Suvi Gezari, an astronomer at Johns Hopkins University, and her colleagues used a number of different telescopes to track the outburst from a supermassive black hole in a galaxy more than two billion light-years away as the black hole consumed a star that ventured too close.
"While there has been evidence of these types of flares before, there's never been enough information to say what kind of star fell victim to the black hole, and what was the mass of the black hole that destroyed the star," Gezari says. She and her colleagues published their findings online May 2 in Nature. (Scientific American is part of Nature Publishing Group.)
They first discovered the flare using the Pan-STARRS 1 telescope in Hawaii, a relatively new observatory that can scan the sky rapidly and repeatedly to identify changes in a celestial object's appearance. In May 2010 the telescope picked up a transient feature in the sky, dubbed PS1-10jh, that brightened rapidly in visible light. Around the same time, NASA's spaceborne Galaxy Evolution Explorer registered a flare in the ultraviolet at the same location, near the center of an otherwise unremarkable galaxy. Both telescopes followed PS1-10jh into 2011 as it peaked and finally faded; the researchers also commandeered the larger MMT telescope in Arizona to take spectroscopic readings of the flaring object.
"Because we [saw] the flare of radiation at so many different wavelengths and in so much detail over time," Gezari explains, the researchers were able to closely compare their observations with theoretical predictions for a star's infall into a black hole. The match between observation and theory is quite convincing, says Giuseppe Lodato, an astrophysicist at the University of Milan who wrote a commentary accompanying the research in Nature. "The shape of the light curve is very close to what is expected for such events—it's actually one of the best examples," he says.

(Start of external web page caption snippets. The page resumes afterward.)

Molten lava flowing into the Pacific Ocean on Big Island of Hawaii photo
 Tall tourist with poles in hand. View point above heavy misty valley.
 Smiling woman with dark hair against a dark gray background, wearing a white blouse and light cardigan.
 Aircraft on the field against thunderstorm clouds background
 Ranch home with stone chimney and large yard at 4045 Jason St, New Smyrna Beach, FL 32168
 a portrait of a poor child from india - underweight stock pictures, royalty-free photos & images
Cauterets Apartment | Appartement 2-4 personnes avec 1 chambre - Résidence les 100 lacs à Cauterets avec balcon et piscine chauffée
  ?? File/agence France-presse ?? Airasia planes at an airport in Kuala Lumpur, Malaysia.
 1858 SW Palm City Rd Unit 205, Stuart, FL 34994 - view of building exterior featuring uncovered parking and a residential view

And with the help of the spectra from MMT, which can pinpoint individual chemical species by the wavelength of light they emit, Gezari and her colleagues were able to parse the makeup of the debris from the disrupted star. That material is notably bereft of hydrogen, the most common element in the universe. "We see no evidence of hydrogen in the system," she says. "This is very peculiar gas. It's mostly helium gas."
The composition of the stellar debris indicates that the devoured star was the helium-rich core of a red giant—a swollen type of star that the sun will evolve into some five billion years from now. "When [a red giant] balloons up, its hydrogen envelope is very vulnerable to being stripped by the gravitational forces of the black hole," Gezari says. "What we're seeing is this sort of stripped core."
The tracking of the flaring black hole over more than a year, with multiple telescopes, allowed for an unprecedented level of forensic reconstruction, Lodato notes. "This is the first time that such accurate determination of the star's properties have been done," he says.
It also allowed the researchers to draw some conclusions about the black hole and how much of the star it ultimately consumed. Gezari and her colleagues estimated, based on the properties of the flare and the physical attributes of red-giant cores, that the black hole has a mass of roughly three million suns. (The Milky Way's central supermassive black hole, for comparison, is about four million solar masses.) And by summing up the radiated light from the flaring black hole, the researchers concluded that possibly 10 percent, and perhaps as much as half, of the star ended up being consumed. "A large fraction of the star gets ejected away," Gezari says. "It's a very messy process."